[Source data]
• • • • • • •

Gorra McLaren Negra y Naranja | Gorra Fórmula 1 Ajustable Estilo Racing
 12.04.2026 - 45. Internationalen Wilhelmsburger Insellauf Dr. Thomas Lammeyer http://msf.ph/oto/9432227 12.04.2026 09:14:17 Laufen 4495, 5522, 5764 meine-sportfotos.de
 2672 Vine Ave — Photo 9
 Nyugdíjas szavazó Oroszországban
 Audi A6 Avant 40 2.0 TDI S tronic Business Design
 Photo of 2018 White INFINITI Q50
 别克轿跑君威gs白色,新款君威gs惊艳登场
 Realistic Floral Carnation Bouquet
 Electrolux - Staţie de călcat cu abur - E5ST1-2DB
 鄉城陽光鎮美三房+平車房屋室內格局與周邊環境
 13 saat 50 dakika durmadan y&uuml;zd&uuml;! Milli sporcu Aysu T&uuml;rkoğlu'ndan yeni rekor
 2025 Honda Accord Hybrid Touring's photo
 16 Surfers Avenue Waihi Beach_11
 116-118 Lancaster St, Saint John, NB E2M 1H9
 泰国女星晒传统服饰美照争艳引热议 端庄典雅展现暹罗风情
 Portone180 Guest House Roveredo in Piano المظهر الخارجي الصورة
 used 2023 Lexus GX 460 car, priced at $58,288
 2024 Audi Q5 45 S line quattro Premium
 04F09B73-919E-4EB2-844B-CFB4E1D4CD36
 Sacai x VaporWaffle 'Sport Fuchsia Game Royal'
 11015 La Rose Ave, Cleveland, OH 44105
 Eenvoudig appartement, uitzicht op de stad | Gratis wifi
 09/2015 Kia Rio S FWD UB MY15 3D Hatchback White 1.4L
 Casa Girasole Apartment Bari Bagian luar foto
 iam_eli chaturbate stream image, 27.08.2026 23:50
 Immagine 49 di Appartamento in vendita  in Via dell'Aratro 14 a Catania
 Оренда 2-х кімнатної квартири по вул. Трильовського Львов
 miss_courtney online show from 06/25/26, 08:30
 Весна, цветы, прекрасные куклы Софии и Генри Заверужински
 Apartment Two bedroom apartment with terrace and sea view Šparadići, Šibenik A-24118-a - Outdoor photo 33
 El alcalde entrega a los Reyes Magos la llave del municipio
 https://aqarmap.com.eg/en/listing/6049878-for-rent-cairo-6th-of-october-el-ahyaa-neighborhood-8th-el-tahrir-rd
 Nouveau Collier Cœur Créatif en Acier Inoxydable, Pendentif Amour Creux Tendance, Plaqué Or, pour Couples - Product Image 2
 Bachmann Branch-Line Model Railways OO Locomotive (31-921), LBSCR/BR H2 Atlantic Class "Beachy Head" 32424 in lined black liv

• • • • • • •

PROBLEM STATEMENT: Would you return the entries exactly as they stand?

RESULT OF THIS EXERCISE:
Gorra McLaren Negra y Naranja | Gorra Fórmula 1 Ajustable Estilo Racing
 12.04.2026 - 45. Internationalen Wilhelmsburger Insellauf Dr. Thomas Lammeyer http://msf.ph/oto/9432227 12.04.2026 09:14:17 Laufen 4495, 5522, 5764 meine-sportfotos.de
 2672 Vine Ave — Photo 9
 Nyugdíjas szavazó Oroszországban
 Audi A6 Avant 40 2.0 TDI S tronic Business Design
 Photo of 2018 White INFINITI Q50
 别克轿跑君威gs白色,新款君威gs惊艳登场
 Realistic Floral Carnation Bouquet
 Electrolux - Staţie de călcat cu abur - E5ST1-2DB
 鄉城陽光鎮美三房+平車房屋室內格局與周邊環境
 13 saat 50 dakika durmadan y&uuml;zd&uuml;! Milli sporcu Aysu T&uuml;rkoğlu'ndan yeni rekor
 2025 Honda Accord Hybrid Touring's photo
 16 Surfers Avenue Waihi Beach_11
 116-118 Lancaster St, Saint John, NB E2M 1H9
 泰国女星晒传统服饰美照争艳引热议 端庄典雅展现暹罗风情
 Portone180 Guest House Roveredo in Piano المظهر الخارجي الصورة
 used 2023 Lexus GX 460 car, priced at $58,288
 2024 Audi Q5 45 S line quattro Premium
 04F09B73-919E-4EB2-844B-CFB4E1D4CD36
 Sacai x VaporWaffle 'Sport Fuchsia Game Royal'
 11015 La Rose Ave, Cleveland, OH 44105
 Eenvoudig appartement, uitzicht op de stad | Gratis wifi
 09/2015 Kia Rio S FWD UB MY15 3D Hatchback White 1.4L
 Casa Girasole Apartment Bari Bagian luar foto
 iam_eli chaturbate stream image, 27.08.2026 23:50
 Immagine 49 di Appartamento in vendita  in Via dell'Aratro 14 a Catania
 Оренда 2-х кімнатної квартири по вул. Трильовського Львов
 miss_courtney online show from 06/25/26, 08:30
 Весна, цветы, прекрасные куклы Софии и Генри Заверужински
 Apartment Two bedroom apartment with terrace and sea view Šparadići, Šibenik A-24118-a - Outdoor photo 33
 El alcalde entrega a los Reyes Magos la llave del municipio
 https://aqarmap.com.eg/en/listing/6049878-for-rent-cairo-6th-of-october-el-ahyaa-neighborhood-8th-el-tahrir-rd
 Nouveau Collier Cœur Créatif en Acier Inoxydable, Pendentif Amour Creux Tendance, Plaqué Or, pour Couples - Product Image 2
 Bachmann Branch-Line Model Railways OO Locomotive (31-921), LBSCR/BR H2 Atlantic Class "Beachy Head" 32424 in lined black liv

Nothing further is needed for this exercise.